In my quest to learn more about wine I have been attending wine events, reading up on wine but mostly tasting, as you might imagine. Reading about wine sounds like the most boring thing in the world, but as with anything else if the the writer is talented the subject turns out be fascinating. Two recent books have utterly delighted me in this regard--Lettie Teague's book Educating Peter and Rick Kushman and Hank Beal's A Moveable Thirst Tales and Tastes from a Season in Napa Wine Country. They actually have quite a bit in common. Both are conversations between a wine novice and an expert.
In Educating Peter How I Taught a Famous Movie Critic the Difference Between Cabernet and Merlot or How Anybody Can Become an (Almost) Instant Wine Expert, wine expert and executive editor at Food & Wine magazine Lettie Teague teaches her friend film critic Peter Travers about wine and lets him ask all the silly questions and make all the silly mistakes that put novices like me at ease. Teague is gentle and kind and knowledgeable and just the kind of the friend you'd want taking you by the hand. She has an enthusiasm for wine that helps coax her Chardonnay-loving pal into a wider appreciation of wine.

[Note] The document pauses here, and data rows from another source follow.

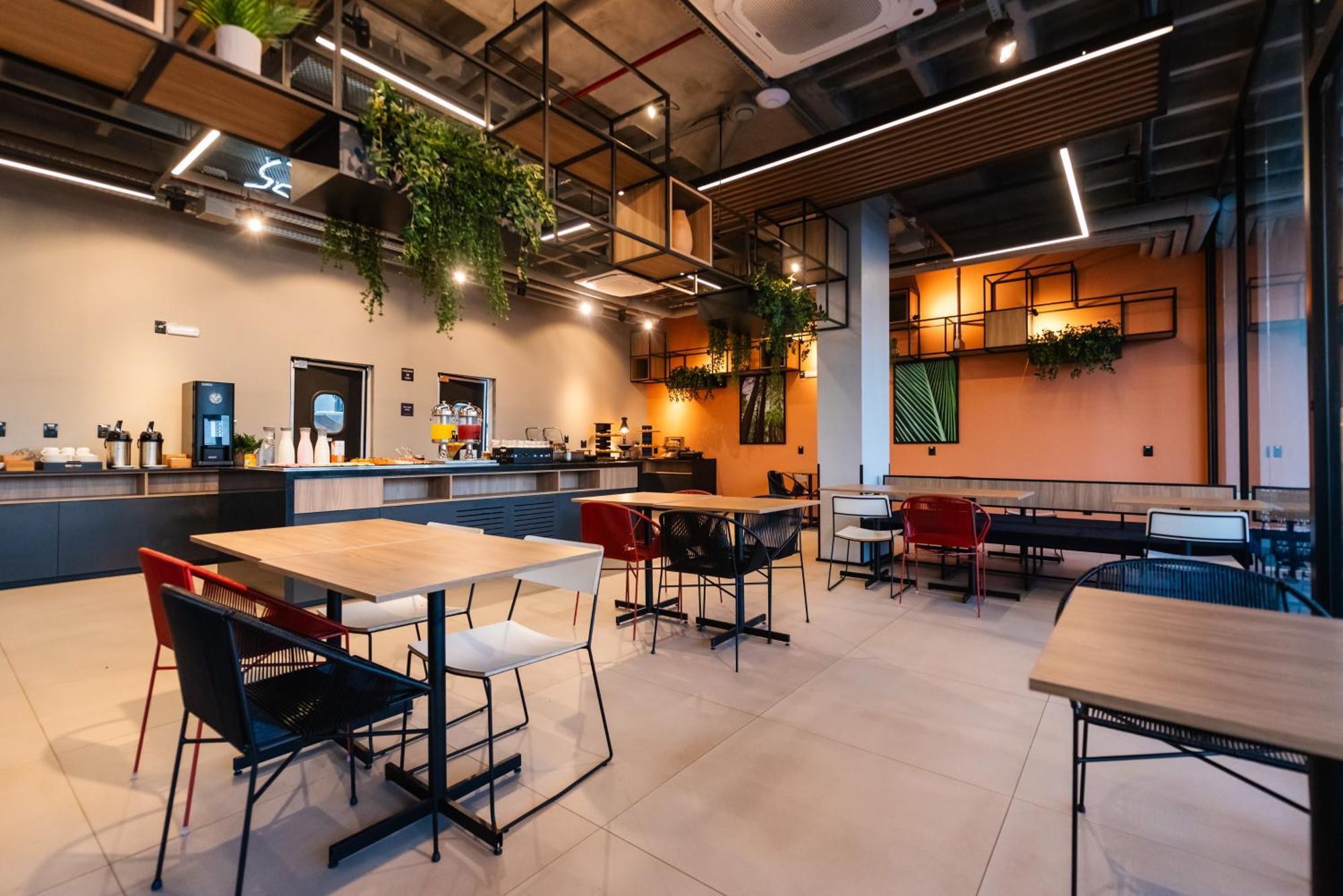Ibis Tubarao Hotel Екстериор снимка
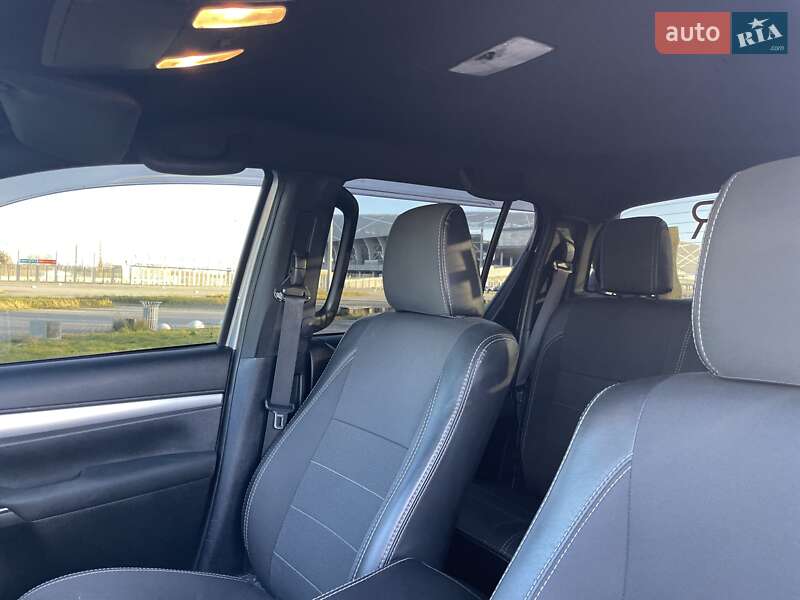 Пикап Toyota Hilux 2016 в Львове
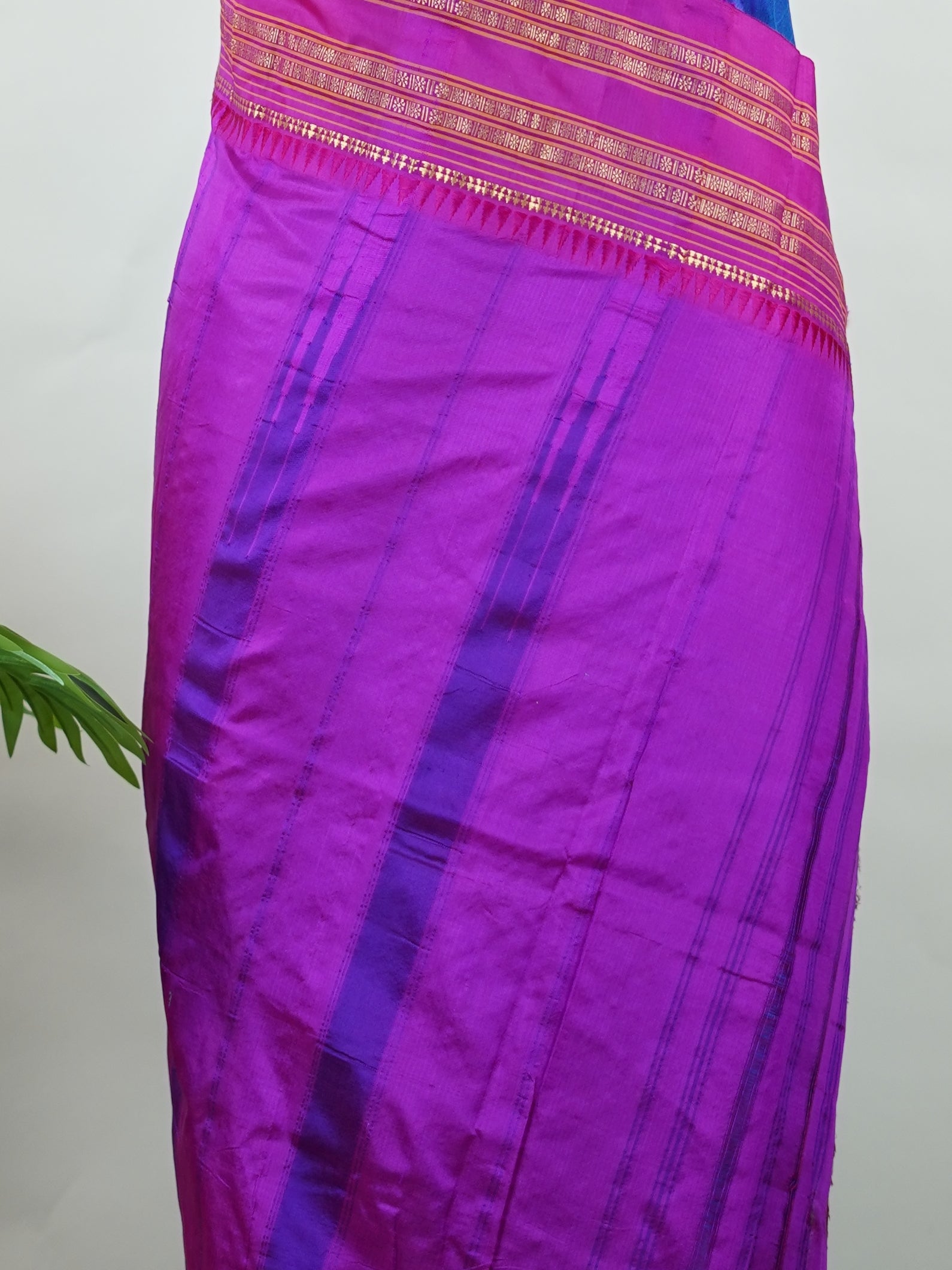 Narayanpet Narayanpet plain sarees are known for their elegant simplicity, featuring rich cotton or silk textures with contrasting borders.
They beautifully blend traditional craftsmanship with everyday comfort, making them perfect for both casual and festive wear. Parinitha - Manoranjitham Weaves - Handloom Store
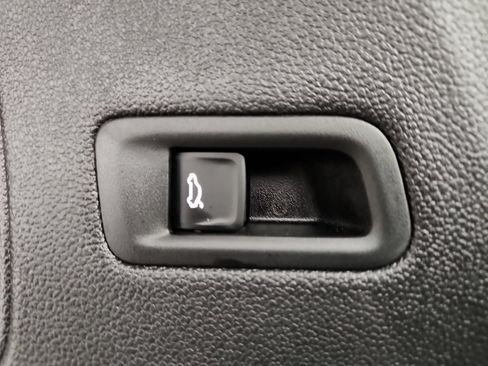 Certified 2025 Volkswagen Atlas SE w/ Panoramic Sunroof Package image 10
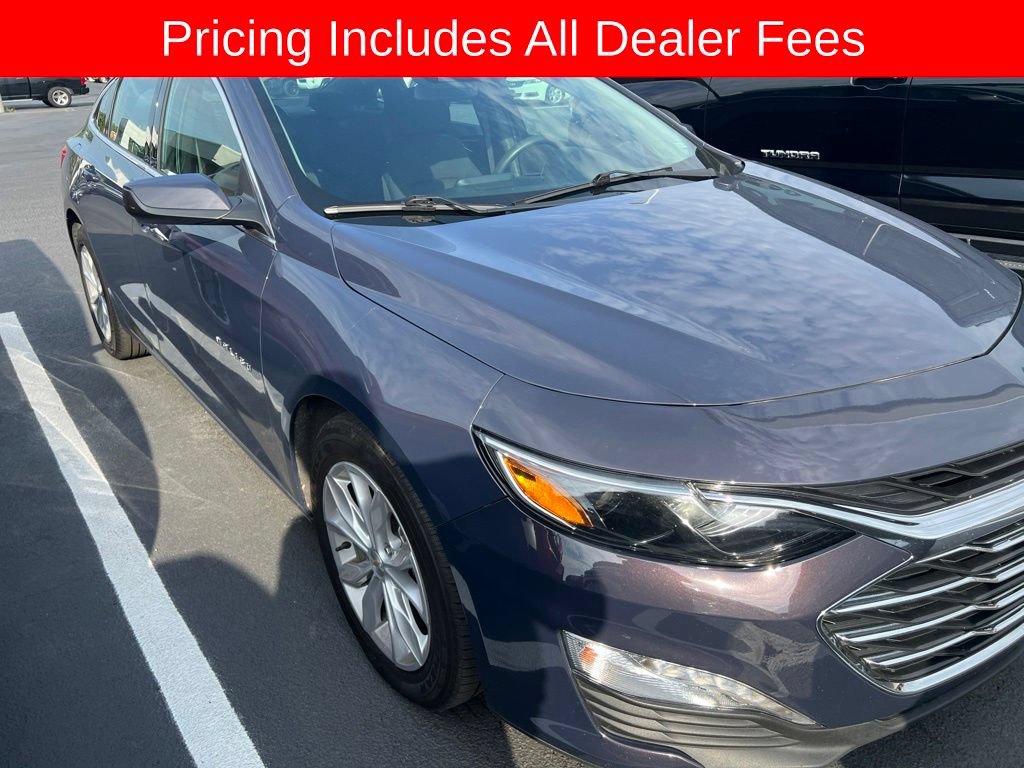 Used 2025 Chevrolet Malibu LT FWD image 2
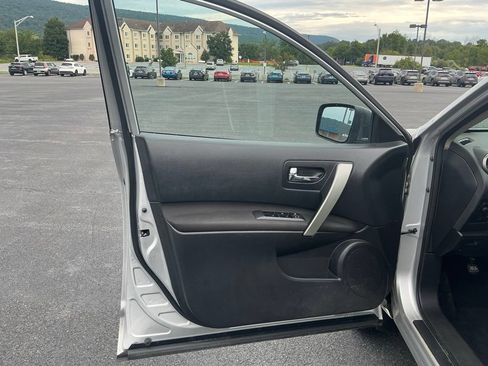 Used 2013 Nissan Rogue S AWD/4WD image 16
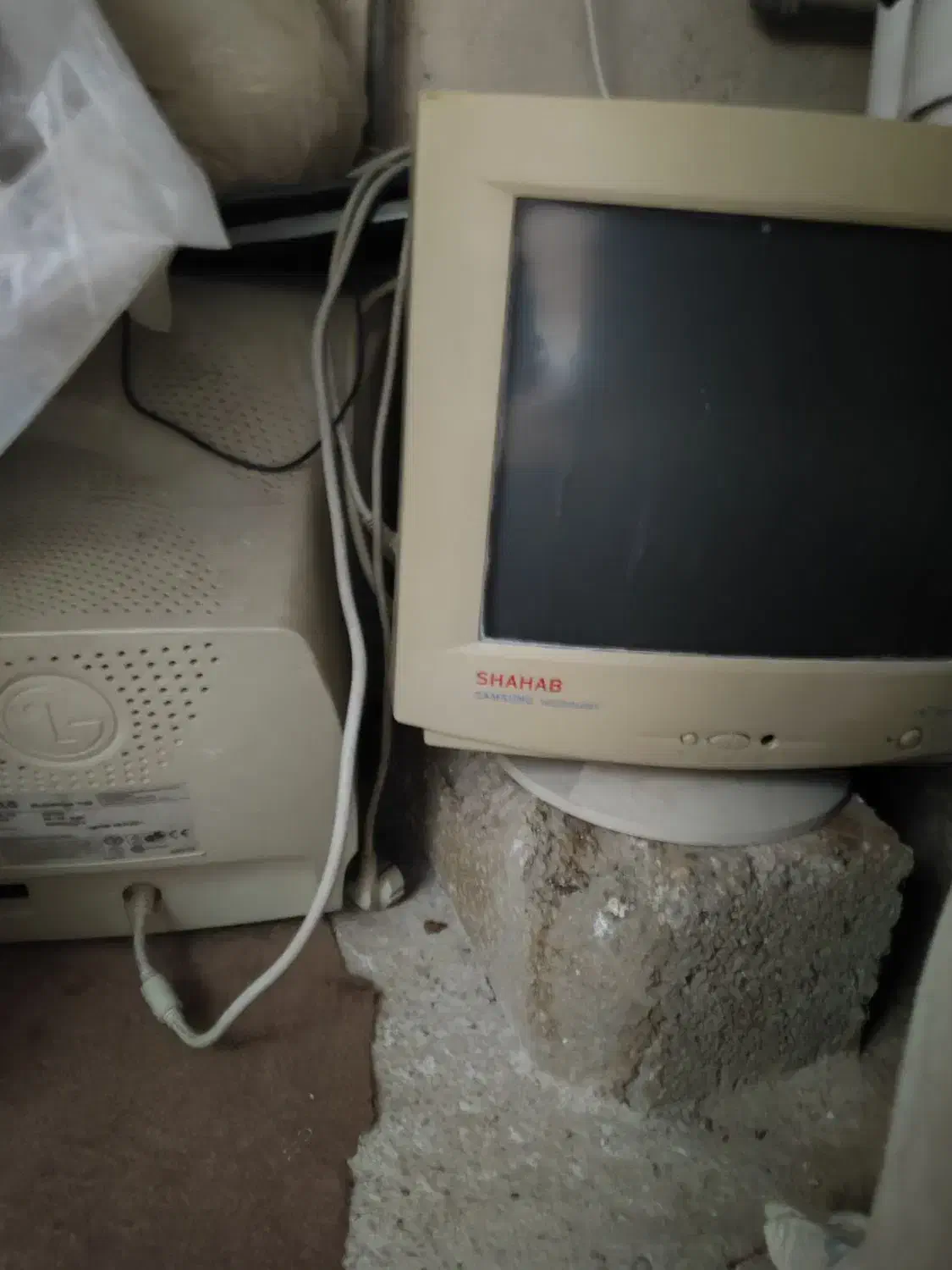 دو عدد مانیتور سالم|قطعات و لوازم جانبی رایانه|آبپخش, |دیوار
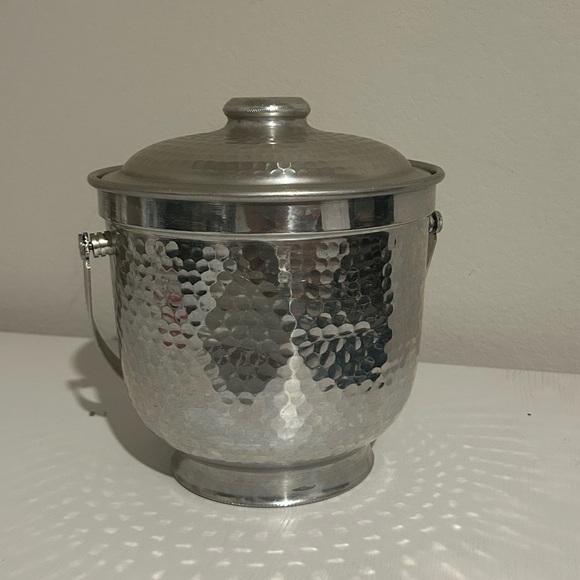 Vintage Mid-Century Hammered Aluminum Ice Bucket - Picture 1 of 5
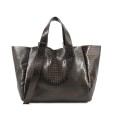 Borsa donna a spalla in ecopelle con tracolla - PF912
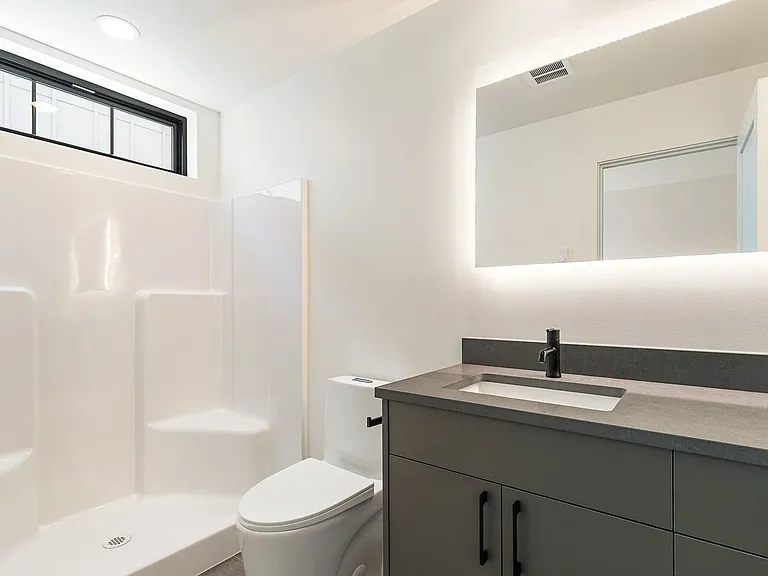 1615 Larrabee Ave — Photo 13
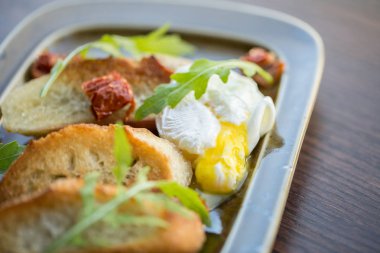 Omlet plaka üzerinde taze croutons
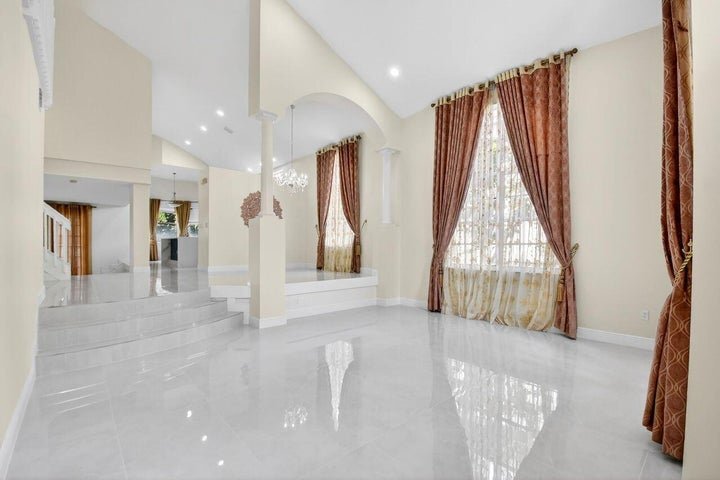 Building Photo - 2191 Balsan Way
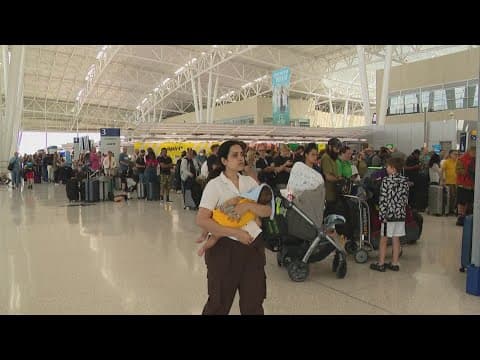 Travelers still facing long lines at Indy International Airport due to global IT outage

Whether she's explaining the proper temperatures for serving wine or the importance of oak it's always in a pleasant down to earth manner. The book explores wines from many of the major wine-producing regions of the world. Along the way you get tasty little snippets of Hollywood gossip like John Irving's favorite wine or the celebrity connections to Santa Rosa--sorry you'll have to read the book I'm not telling!